Gideon's Way is a British television crime series made by ITC Entertainment and broadcast by ITV in 1964–1966, based on novels by John Creasey (writing as 'J. J. Marric'). The series was made at Elstree Studios in twin production with The Saint television series, which was likewise produced by Robert S. Baker and Monty Berman. The show did not acknowledge any help from Scotland Yard or any other police force or advisor.

Synopsis 
Daphne Anderson starred as Gideon's wife, Kate; their three children were played by Giles Watling as younger son Malcolm, Richard James as elder son Matthew (who seemed to have a lot of new girlfriends), and Andrea Allan as daughter Pru.

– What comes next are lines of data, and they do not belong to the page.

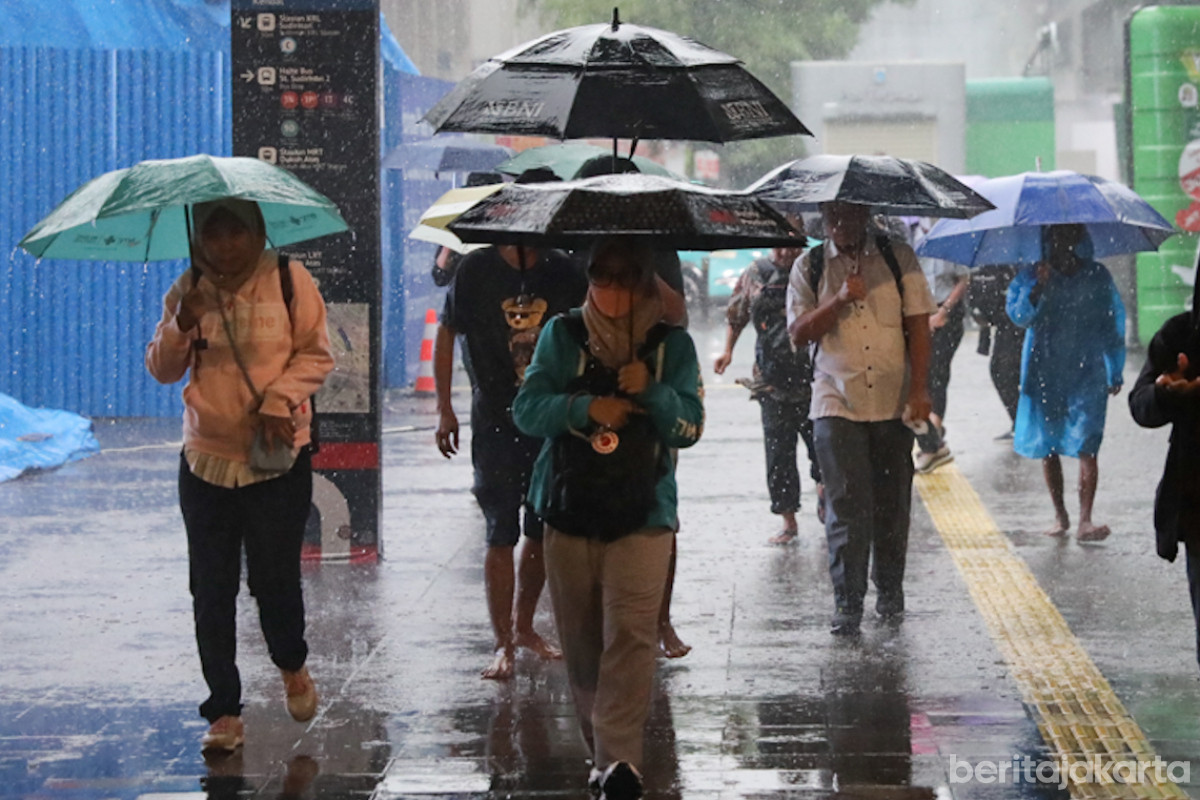 Sejumlah warga berjalan menggunakan payung di gedung perkantoran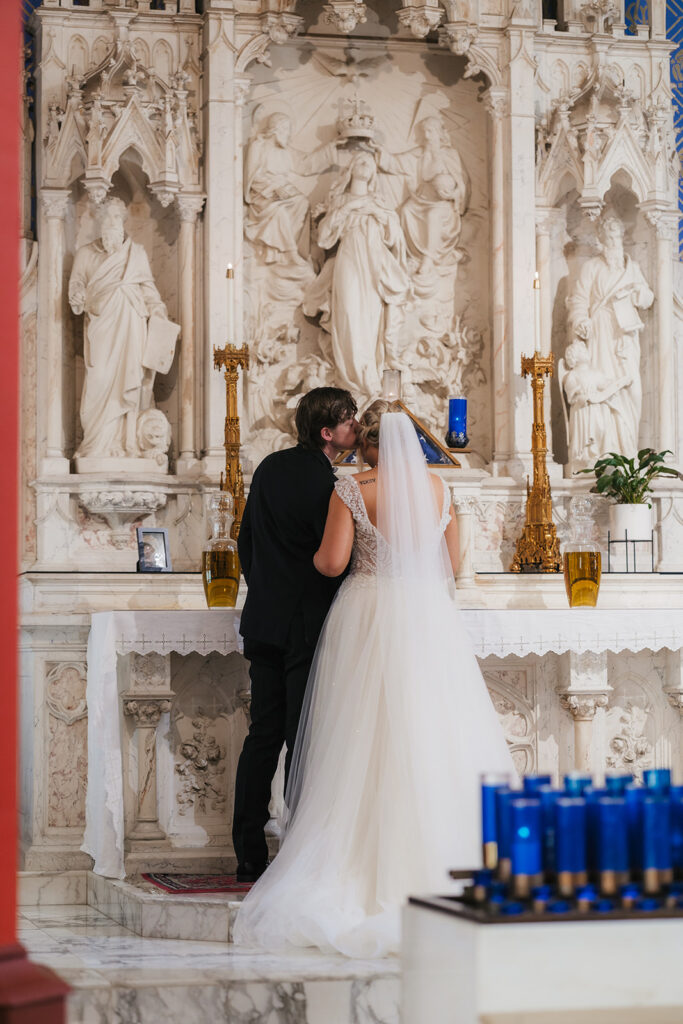 cute picture of the groom kissing the bride on the cheek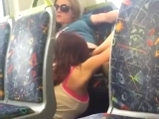 Girl licking girl in train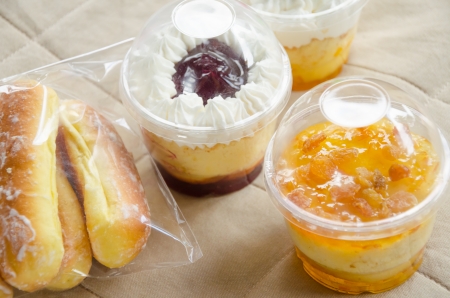 Cupcakes in a plastic cup and sweet breadの写真素材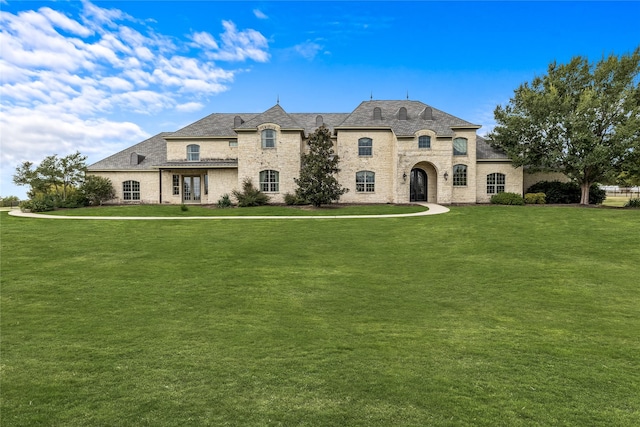 2933 N Star Dr, Celina, TX 75009 - french country inspired facade featuring a front yard, brick siding, and stone siding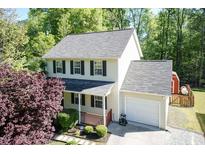 Charming two-story home with a front porch, attached garage, and well-maintained landscaping at 3819 Valleydale Dr, Durham, NC 27703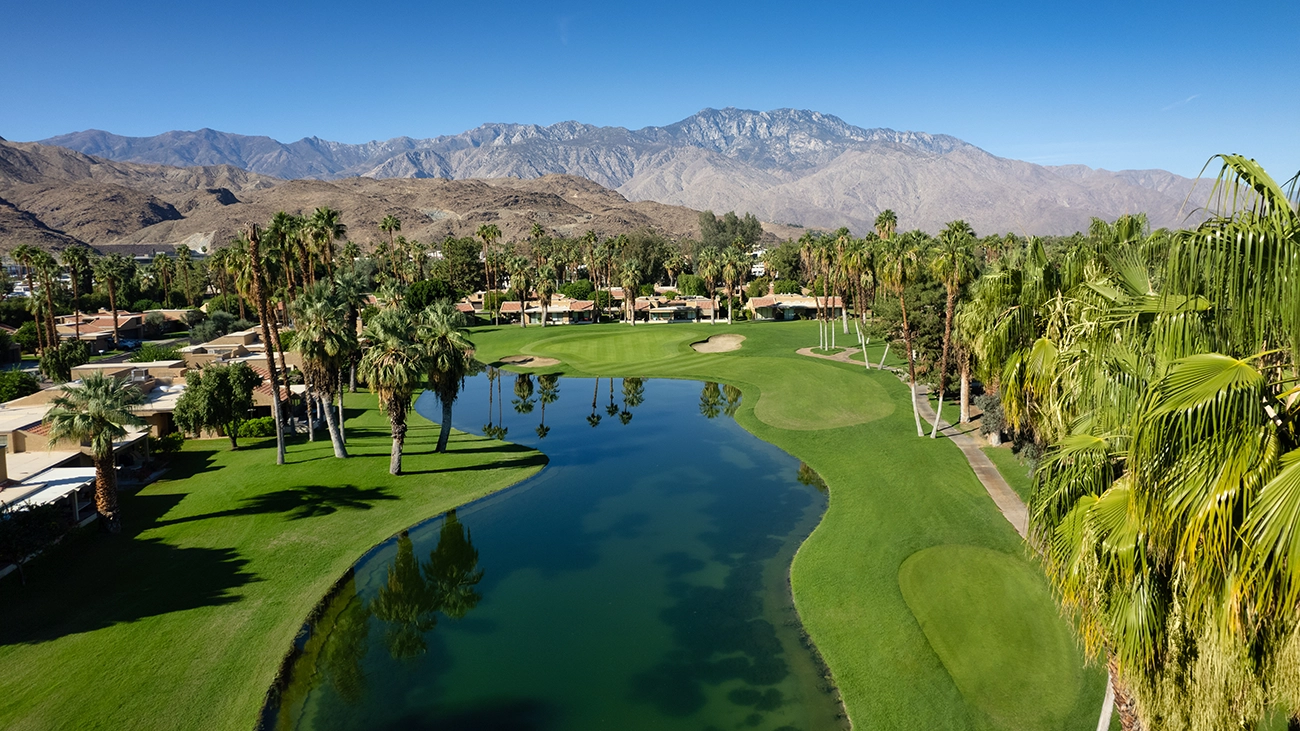 A calm water hazard mirrors a golf course's surrounding trees at the foot of the mountains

Unusually for police stories, Gideon was shown as a family man at home—though urgent phone calls from his bosses tend to disrupt family plans too often. However, he did admit in "State Visit" that his wife had walked out on him for a while years ago, when he put the job first and her second. They live in an expensive detached house in Tufnell Park.

Cast
The series stars John Gregson in the title role as Commander George Gideon of Scotland Yard, with Alexander Davion as his assistant, Detective Chief Inspector David Keen, Reginald Jessup as Det. Superintendent LeMaitre (nicknamed Lemmy), Ian Rossiter as Detective Chief Superintendent Joe Bell and Basil Dignam as Commissioner Scott-Marle.

Guest stars
Many well-known British actors appear in guest roles, including Patrick Allen, Keith Baxter, George Cole, Harry Fowler, Gordon Jackson, Ronald Lacey, Anton Rodgers, Rosemary Leach, Gerald Harper, Victor Maddern, Richard Carpenter and John Hurt. There was an early role for Donald Sutherland in the episode "The Millionaire's Daughter". Several actors, including Mike Pratt, Angela Douglas, Jean Marsh and Kay Walsh, appear twice in the series, cast in different roles.

Production
There was extensive location shooting in mid-1960s London, with fast-paced action and strong story lines, which made the series very popular in its day. The show was broadcast in the United States under the title Gideon CID. There were different starting titles for the American series, showing incidents of violent crime while the British titles just introduced the main characters. The theme music was composed by Edwin Astley. In scoring the incidental music, Astley re-used some of the cues from The Saint on which he was also working; in turn, he re-purposed material composed for this series in The Baron, which followed a year later.

Episodes
Episodes were filmed between June 1964 and May 1965, on location and at Elstree Studios. Fifteen episodes (#101 – #115 below) were filmed by December 1964, after which the cast and crew were allowed a week's break before filming on the second batch of eleven episodes (#116 – #126 below) began on 11 January 1965.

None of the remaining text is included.